→ **WHAT NEEDS TO BE DONE**
Skip every picture. Print each line from the one containing "Extensive Cabinet Cabinet - main view" through the end of the records below, word for word.

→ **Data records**

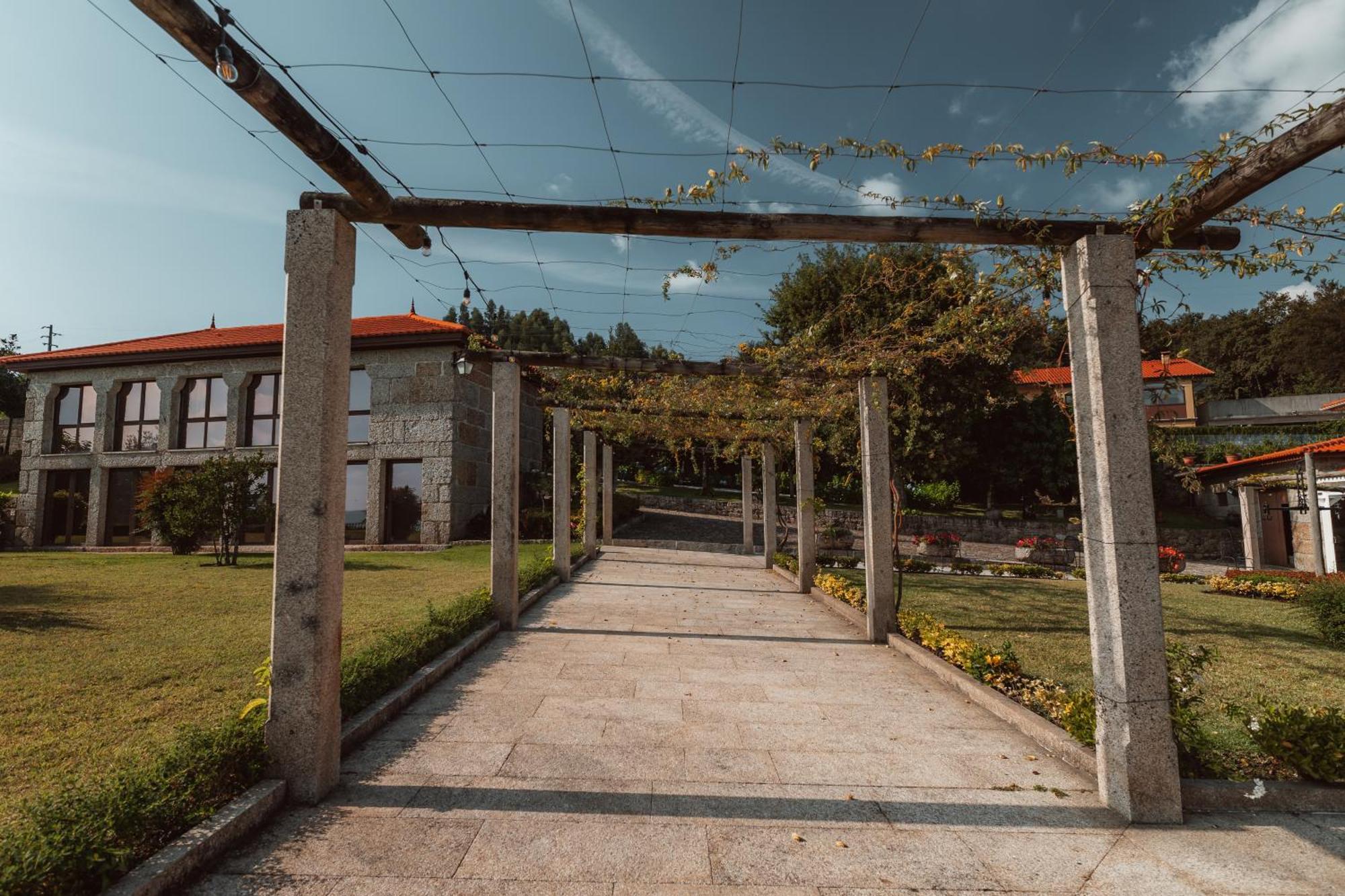 Quinta Da Eira Do Sol Villa Guimaraes Exterior photo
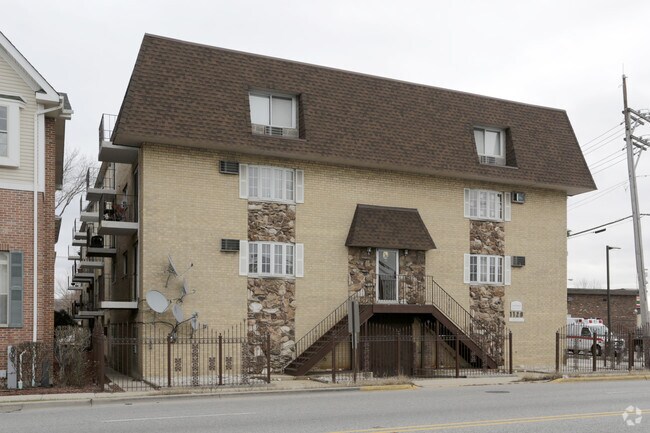 Building Photo - 1128 Des Plaines Ave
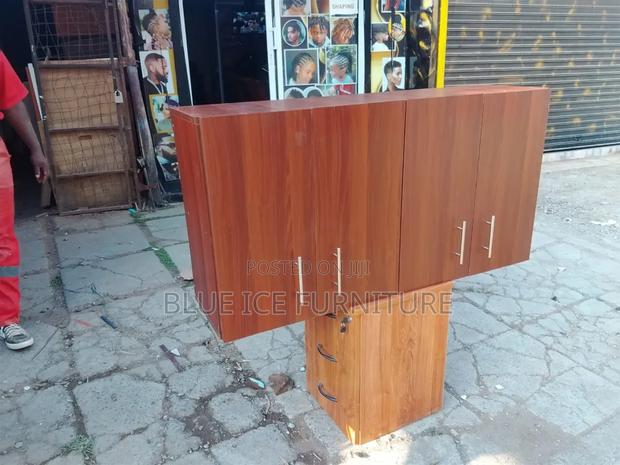 Extensive Cabinet Cabinet - main view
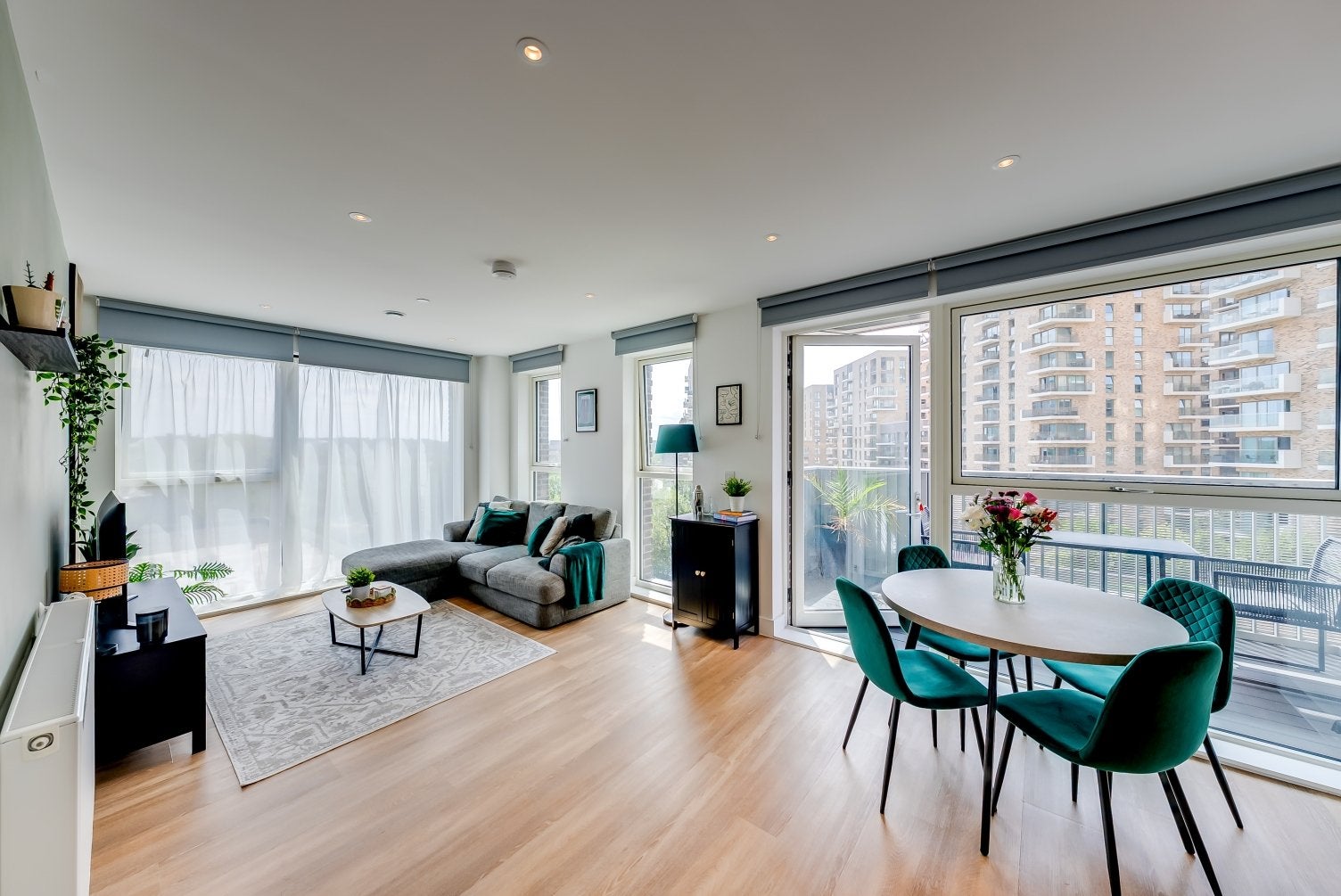 Flat Glenside Grove in Greater London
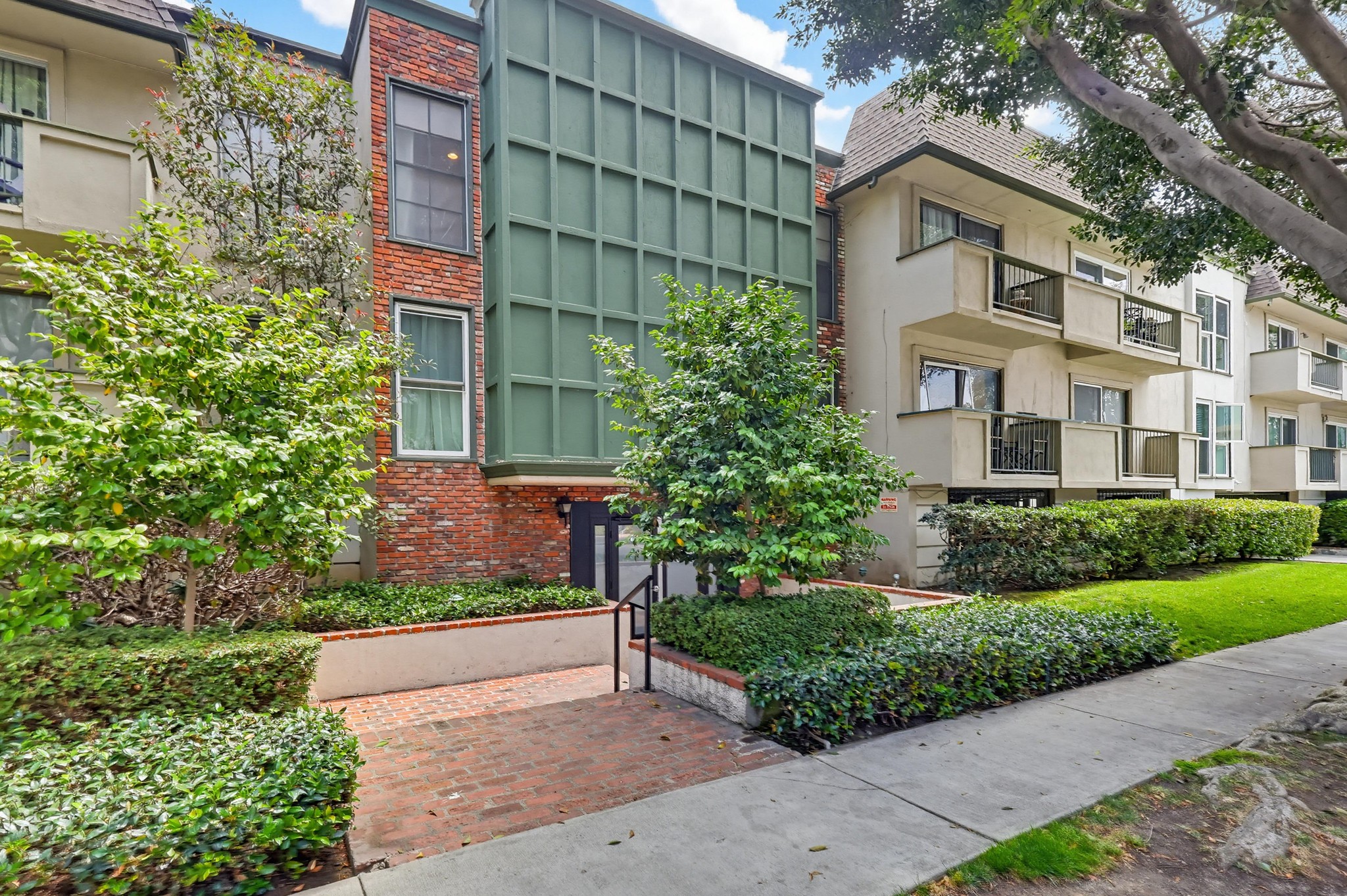 Virtual tour photo 4 of 68 for 3640 Cardiff Ave APT 210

→ **RESPONSE TO THIS EXERCISE**
 Extensive Cabinet Cabinet - main view
 Flat Glenside Grove in Greater London
 Virtual tour photo 4 of 68 for 3640 Cardiff Ave APT 210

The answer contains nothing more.